[Short descriptive text snippets]
══════════════════════════════

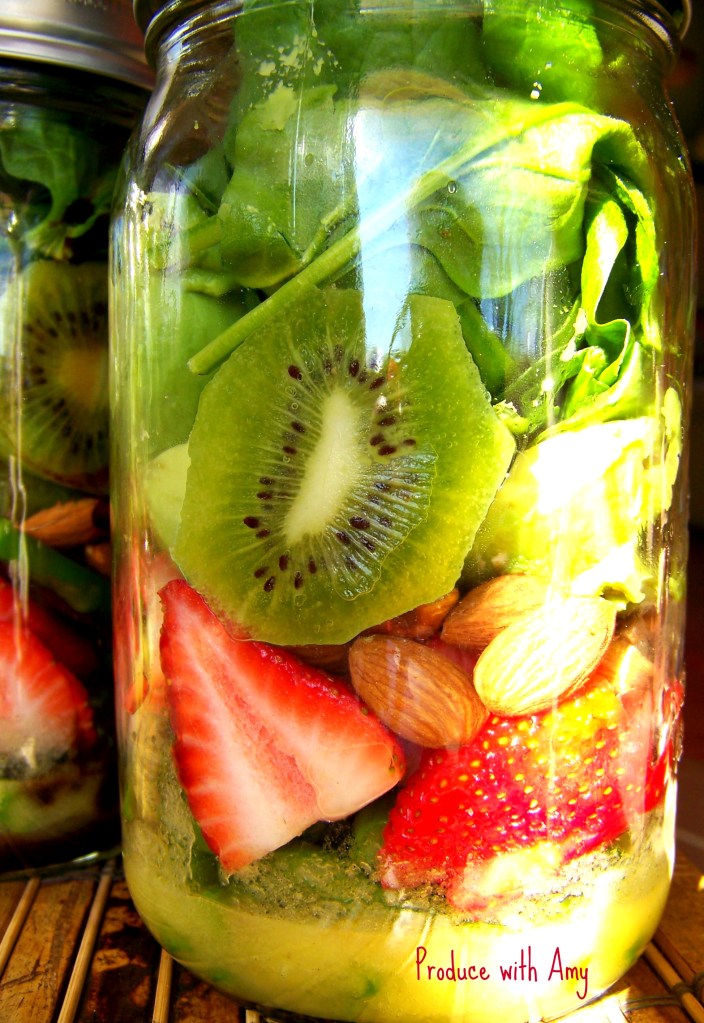 Summon Spring Jarred Salad with Asparagus, Strawberries, and Pineapple Vinaigrette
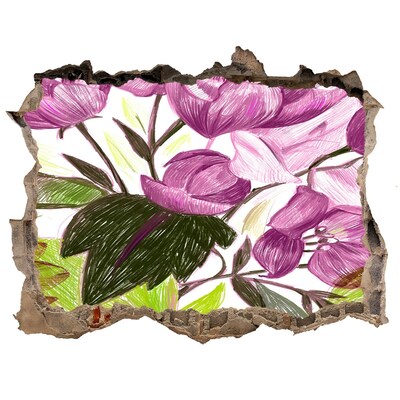 Fali matrica lyuk a falban Virágoskert a fal mögött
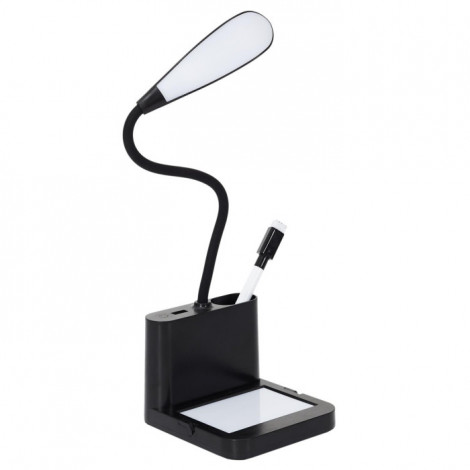 Lampe Led Flexible "Multifonction" 38cm Noir|Lampes à poser|Paris Prix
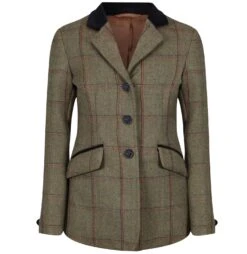 Equetech Childs Launton Deluxe Tweed Riding Jacket -Just Horse Rider 64b52ba5 0603 47fa ba64 ad1ad9307a25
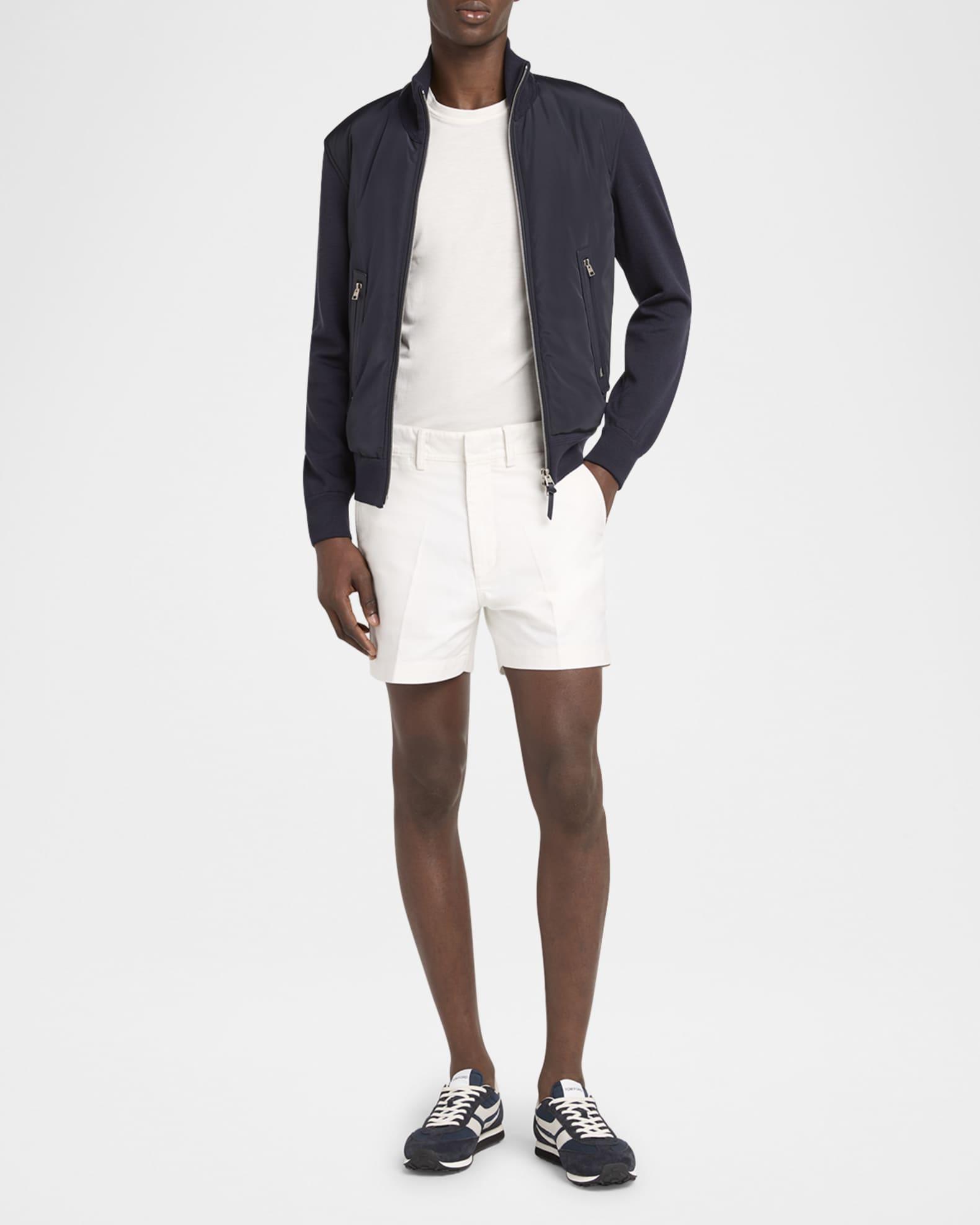 Men's Mick Tech Fabric and Suede Sneakers Product Image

══════════════════════════════

◆ Work request ◆
Return the lines exactly, from the one containing "Fali matrica lyuk" through the last line above, including both ends and excluding every picture.

◆ Response to this task ◆
 Fali matrica lyuk a falban Virágoskert a fal mögött
 Lampe Led Flexible "Multifonction" 38cm Noir|Lampes à poser|Paris Prix
 Equetech Childs Launton Deluxe Tweed Riding Jacket -Just Horse Rider 64b52ba5 0603 47fa ba64 ad1ad9307a25
 Men's Mick Tech Fabric and Suede Sneakers Product Image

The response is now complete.